A secured zone is where your people live and sleep, such as the hotel attacked today. The biggest reason India lost people today is because their security posture is too open. India's desire to be a "non-intervention, self-determination" soft power in Afghanistan dictates a low-profile, open, passive security posture. India's effort at pioneering "Third Way" diplomacy and differentiating themselves from the hardened American FOBs made them vulnerable to an attack like this.
[Of course, in the wake of the Mumbai attacks, the competence of Indian security services is an open question.]
The point of my analysis is that an open, passive security posture is foolish and does not contribute toward your "Hearts and Minds" political goals at all. It just helps your enemies to kill you faster. Letting your guards slouch at their post and waving people through the checkpoint does not win you any points. An alert guards who pats people down with respect and a smile, however, does.

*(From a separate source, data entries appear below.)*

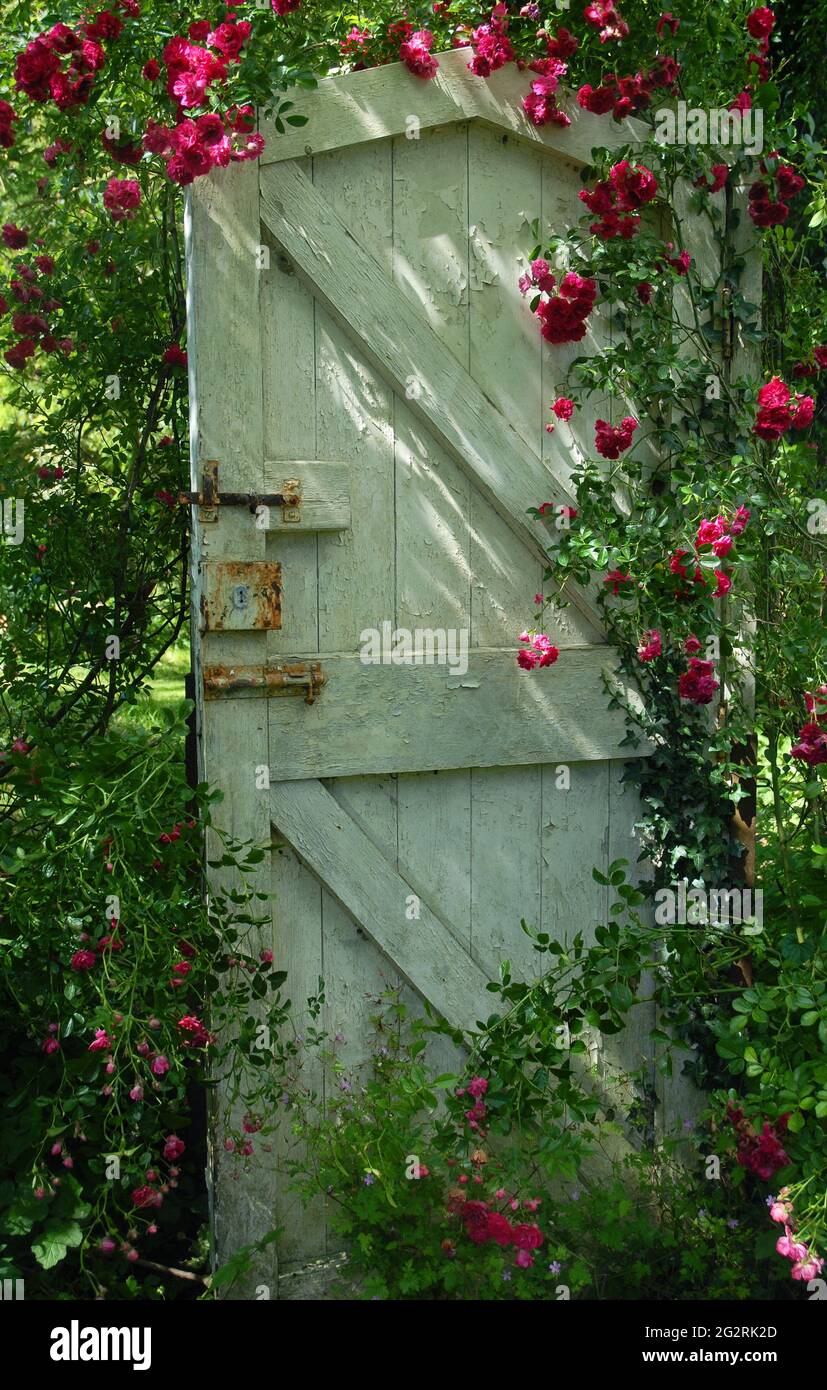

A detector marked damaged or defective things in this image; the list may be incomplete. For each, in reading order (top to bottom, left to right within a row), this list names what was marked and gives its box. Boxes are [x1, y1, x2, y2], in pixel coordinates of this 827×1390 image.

rusty metal hinge [179, 461, 303, 522]
rusty latch [179, 461, 303, 522]
rusty lock plate [198, 561, 283, 633]
rusty latch [202, 661, 325, 706]
rusty metal hinge [202, 661, 325, 706]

"Hearts & Minds" politicians and consultants often fail to realize that it is not the macro-level initiatives, such as blast barriers, check points, gun-toting security, etc, that turn the natives against you. It is the micro-level, man-to-man details that gets you, like yelling at people, manhandling through a pat down, etc. Soft power is all well and good, but security is the enabler for your soft power capabilities. Being aggressive in your security posture allows you to complete your projects and help people.
As Bryan McGrath has pointed out, "Hearts & Minds" are nice, but it easily degenerates into slogans and feel-good seminars. You are not going to make people like you, if they hate you to begin with. However, you can build trust and respect, even with enemies. Pussyfooting around security will not change anybody's minds.